__WHAT TO DO__. In the entries below, find the line with "Black And White Restaurant" and the line with "Diseños de uñas". Repeat exactly everything between them, those two lines included, but not the pictures.

__MATERIAL SUPPLIED__.
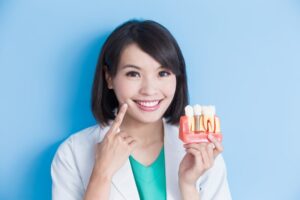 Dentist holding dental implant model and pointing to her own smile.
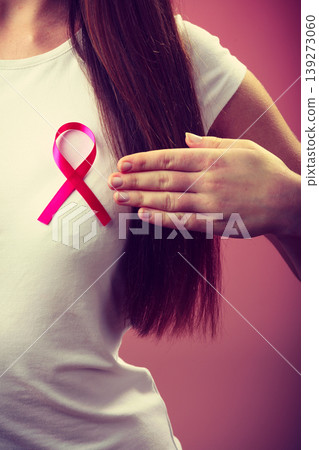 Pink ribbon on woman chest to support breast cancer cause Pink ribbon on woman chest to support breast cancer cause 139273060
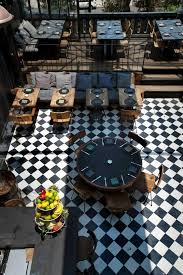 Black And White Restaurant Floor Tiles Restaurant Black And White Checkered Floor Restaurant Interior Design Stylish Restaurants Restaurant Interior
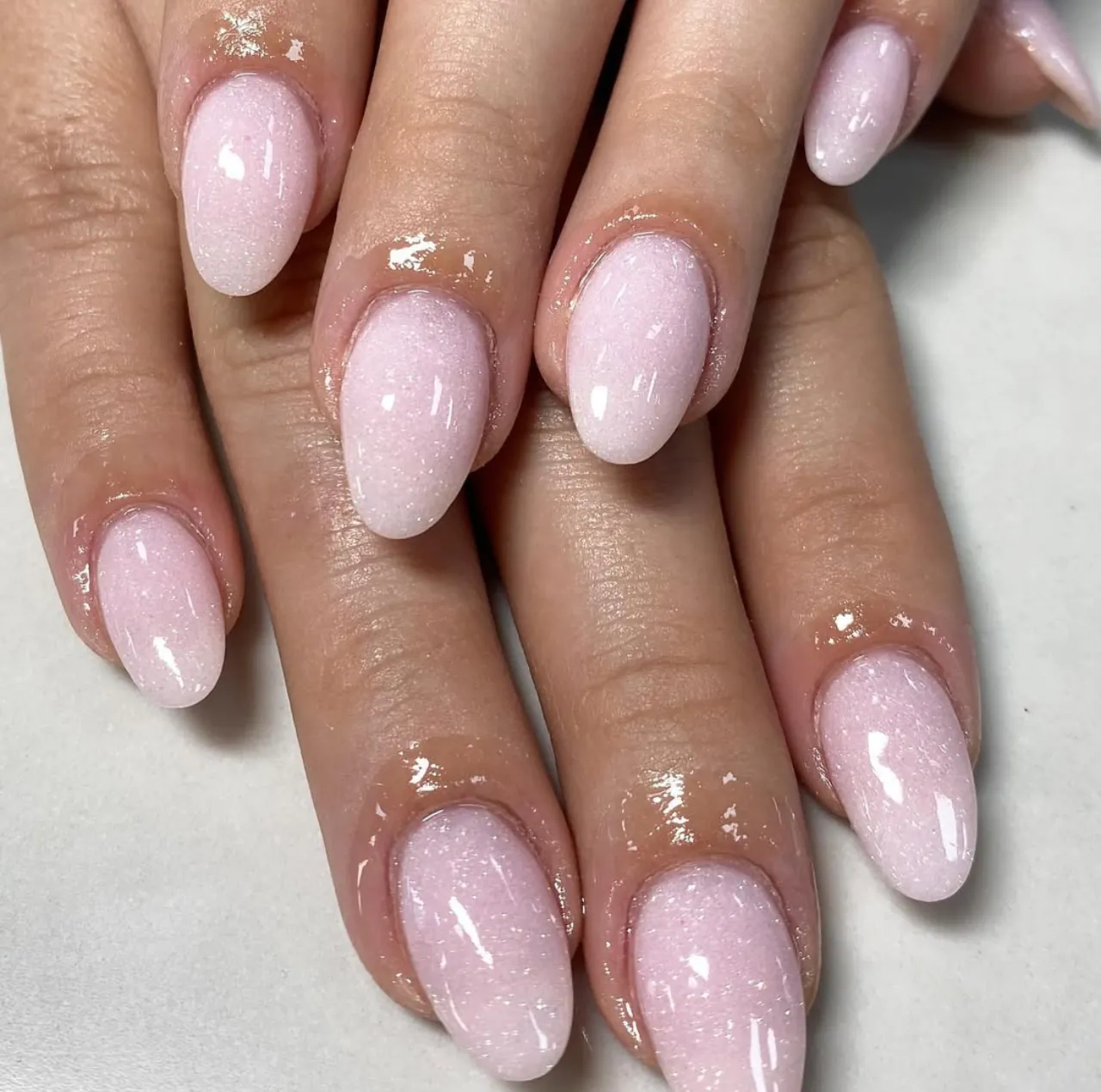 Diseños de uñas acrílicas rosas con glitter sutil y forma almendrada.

--

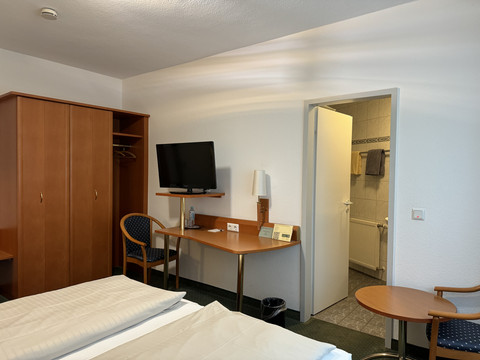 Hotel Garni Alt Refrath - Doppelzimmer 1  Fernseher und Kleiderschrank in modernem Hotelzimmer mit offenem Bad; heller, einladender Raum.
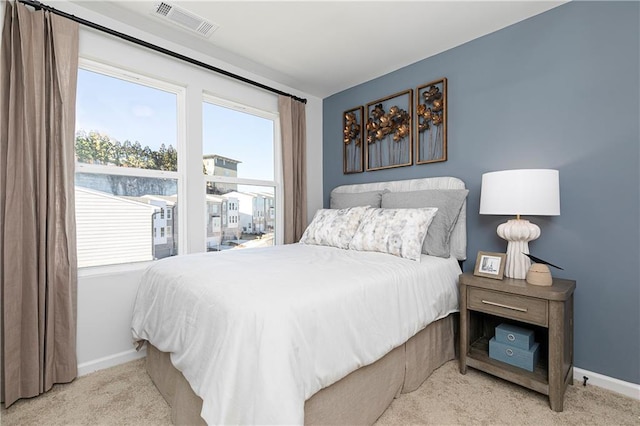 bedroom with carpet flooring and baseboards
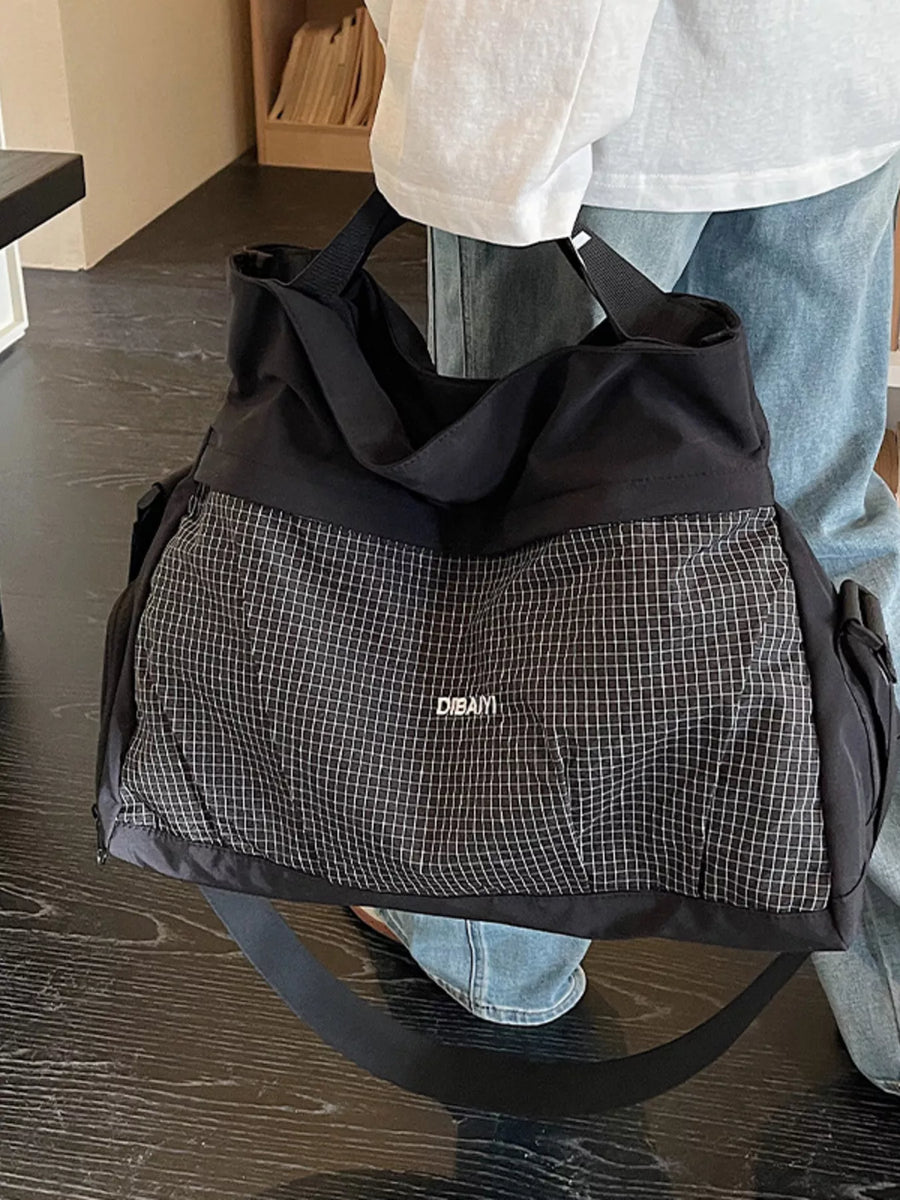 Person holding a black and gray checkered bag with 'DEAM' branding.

__ANSWER BOX__.
 Black And White Restaurant Floor Tiles Restaurant Black And White Checkered Floor Restaurant Interior Design Stylish Restaurants Restaurant Interior
 Diseños de uñas acrílicas rosas con glitter sutil y forma almendrada.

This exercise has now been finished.